En este contexto de densas implicaciones sociales y morales, Gopegui es capaz, a pesar de todo, de sacar brillo a la lengua. Consigue, al mismo tiempo, evitar la mayor parte del tiempo que la literatura ceda terreno a la moralina. En mi opinión, un mérito nada desdeñable pues este error de modo simultáneo restaría verosimilitud a la historia y credibilidad a las reflexiones subyacentes. Solo podría señalar como objetable el tono de algunos diálogos, que comienzan un tanto acartonados. Es decir, no surgen (no dan la impresión de surgir), digamos, de manera natural, sino que se notan creados ex profeso, de manera artificiosa.


Mateo tiene veintidós años y vive una moderada vida secreta desde hace tres. Claro, vas a decir que descrees del secreto. Es casi imposible ahora que tanto tú como las nuevas plataformas etiquetan, ubican y terminan por fraguar un mismo perfil para la familia, amigos y amigas, jefes. Sin embargo, los seres humanos se encienden en secreto, florecen en la oscuridad, maduran en secreto. (Pág. 27)

El estudio, en cambio, ha producido la siguiente conclusión: el paro hace que se rompa algo; eso que se rompe provoca en la persona parada una incapacidad para comprender tanto el valor del mérito como la retribución según el mérito. Los autores del estudio dicen que las personas en paro se han vuelto incapaces de comprender algo que es real. Olga y Mateo le dan la vuelta: no se les estropea la capacidad de comprensión: más bien se les enmienda. Como una operación o unas gafas, el paro corrige la visión borrosa de los parados. Esa silueta que de lejos tenía forma de meritocracia, ahora es simplemente una mancha en la pared, Superman no va a venir y soñar cansa. (Pág. 49)

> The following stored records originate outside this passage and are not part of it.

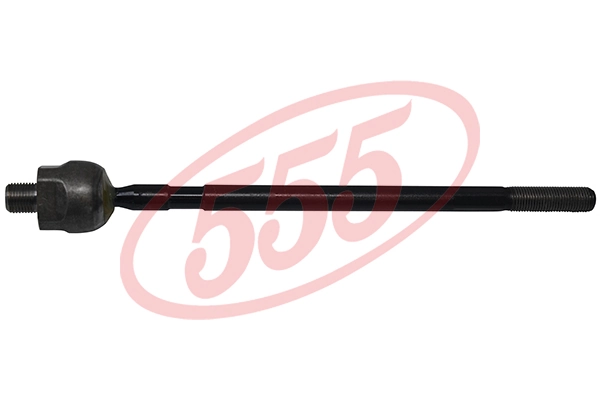 Купить 5654243010 Hyundai/Kia Рулевая тяга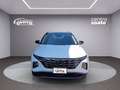 Hyundai TUCSON NEW 1.6HEV AT 230 EXELLENCE 21 Bianco - thumbnail 8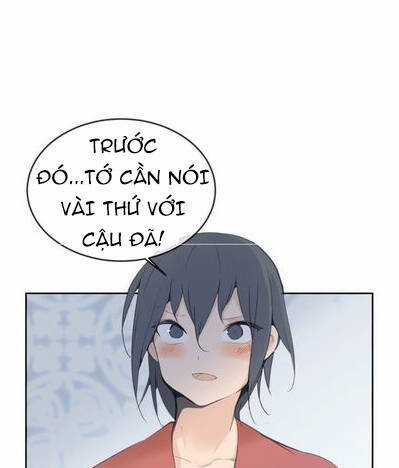 The Dead King - Chapter 73 - Trang 30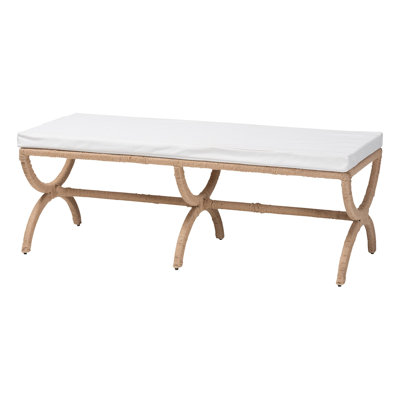 Banc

Cuando Mateo mira a la chica haciendo como que mira su móvil, piensa en toda esa monotonía, ese cansancio, ese no estar en otra parte y no tener ni un sombrero ni un caballo ni una nube, ese abrir el puesto antes de que sus horas de trabajo empiecen a estar remuneradas, cerrarlo, limpiar y echar las cuentas y colocar las cosas cuando ya su jornada supuestamente ha terminado, el insecticida, el servicio sin espacio para cerrar la puerta, el desinfectante, soportar las bromas pesadas del jefe, su presión los días en que se ha vendido poco, esas mañana cuando, pese a no haber dormido apenas pues algo le ha sentado mal y aún tiene el estómago revuelto, debe sin embargo volver al mismo olor, reprimir la náusea si no quiere perder el trabajo; y el miedo, y el desconsuelo de saber que siente miedo de que puedan echarla de un sitio así. Mateo se pregunta si eso que es padecimiento o dolor podría ser también una especie de entrenamiento. Entrenarse para evitar que vuelva a suceder. Entrenarse como si cada día al salir de casa la chica o él se toparan de frente con la pintada que conocen aun sin haberla visto nunca: "No tienes la menor oportunidad, pero aprovéchala". (Pág. 57)
 
¿Qué dicen los seres humanos, Google, cuando dicen "yo"? ¿Quién les dio sus recuerdos? Nadie gobierna sus naves. Hojas mecidas por el viento, el rumor de la sangre, el latido, el golpe de la ola, lamer la arena e irse una y otra vez. (Pág. 88) 

 
En definitiva, una novela seria, una novela moral (¿hay acaso novela digna de ese nombre si no lo es?) que nos sale al encuentro a cada paso (qué hemos sido, qué seremos, qué hemos hecho y qué haremos), vestida con una prosa eficaz, brillante en momentos puntuales. 

Aun habiendo escrito todo esto, quedando claro que la recomiendo, siento que algo importante se me queda atrás. Léanla, entablemos un diálogo y quizá así le pidamos trabajo a Microsoft.